La capacidad de proyectar y de imaginar mundos no es invento de las computadoras. Estos oráculos modernos o máquinas de imaginar han acelerado el potencial creador de nuestra mente, pero detrás de los mágicos aparatos siguen operando las mismas manos y el mismo cerebro que hace un millón de años tomaron el cobre y la madera y lo transformaron en un arado.

Hemos transitado un largo camino hasta que las manos de nuestros antepasados prehistóricos se convirtieron en brazos robóticos controlados por modernas computadoras. Pasamos de ser constructores de vías y acueductos a crear programas de computación que nos permiten diseñar nuestras modernas carreteras y puentes o cualquier otra cosa.

Sin embargo, la evolución del trabajo no eliminó ninguna de las características que le fueron imprimiendo las distintas épocas. Hoy en día hay hombres que trabajan la tierra como los primeros agricultores. Los hay artesanos, comerciantes y operarios.
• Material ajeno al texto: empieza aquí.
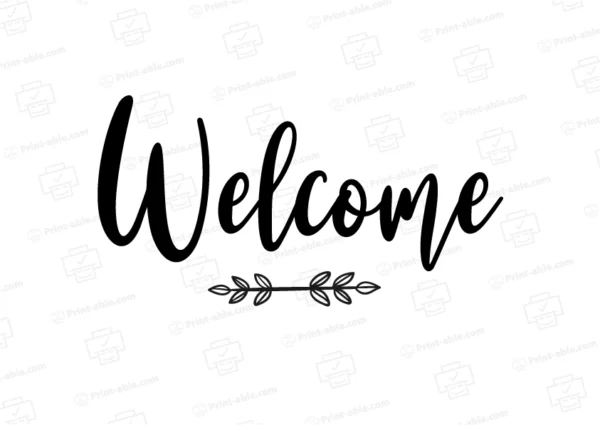 Welcome sign printable free download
Incluso hay quienes trabajan como esclavos, a pesar de que la esclavitud es condenada desde hace siglos.

Nuestra tarea sigue siendo la misma que la de nuestros antepasados prehistóricos. Llegamos a la vida desnudos y aparentemente indefensos. El mundo se nos presenta como un misterio que de a poco vamos conociendo. Nuestra vocación creadora y nuestra infinita curiosidad siguen siendo el impulso del trabajo, o sea, de la manera en que vamos transformando el mundo en función de nuestros deseos.
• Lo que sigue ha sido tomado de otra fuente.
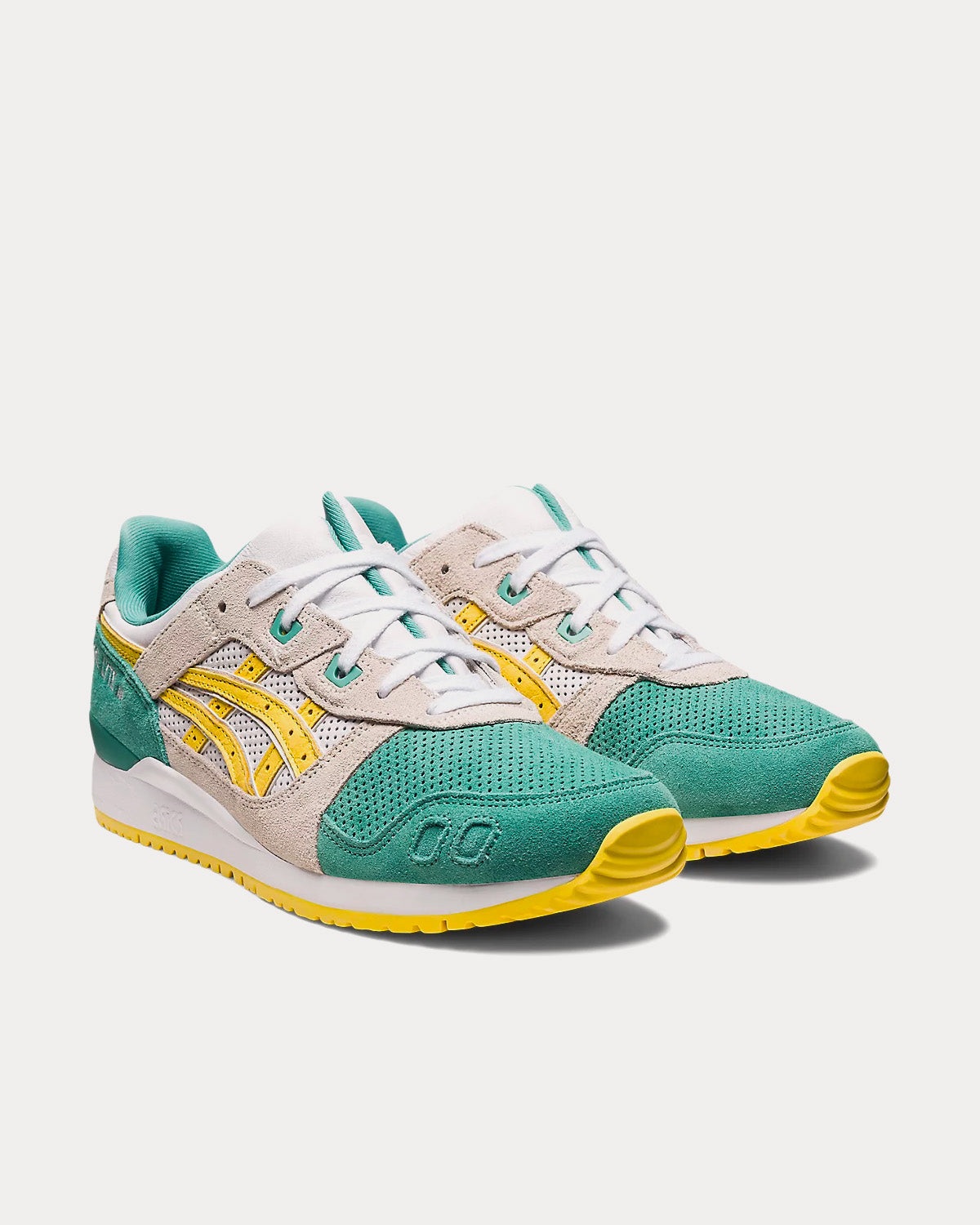 Asics Gel-Lyte III OG Sage / Banana Cream Low Top Sneakers - 3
La historia misma puede verse como un gran ejercicio de imaginación y de voluntad en que el hombre va creando los distintos mundos donde desea habitar.

Cada época pensó que la suya era la época. Que su tiempo era el tiempo. La historia es una lección de ­humildad. Los hombres que miraron hacia el pasado y proyectaron un futuro posible fueron aquellos que no se vieron como individuos aislados, egoístas, sino formando parte de una gran aventura colectiva: la aventura de la humanidad.

Hemos asistido a la transformación de la rueda en naves interestelares, del ábaco en las computadoras, pero nuestros descendientes serán testigos de cambios mucho más asombrosos aún.

Acaso se vean obligados a abandonar la tierra, aceptando mutaciones necesarias para adaptar nuestro cuerpo a otros planetas. Tal vez partirán hacia mundos desconocidos, y en un instante de nostalgia recordarán a sus antepasados, que lograron pararse sobre sus piernas y miraron hacia el horizonte, dispuestos a caminar con una voluntad inquebrantable y una curiosidad infinita, iniciando esa gran aventura de la cual nosotros, desde nuestra época, somos humildes testigos y constructores.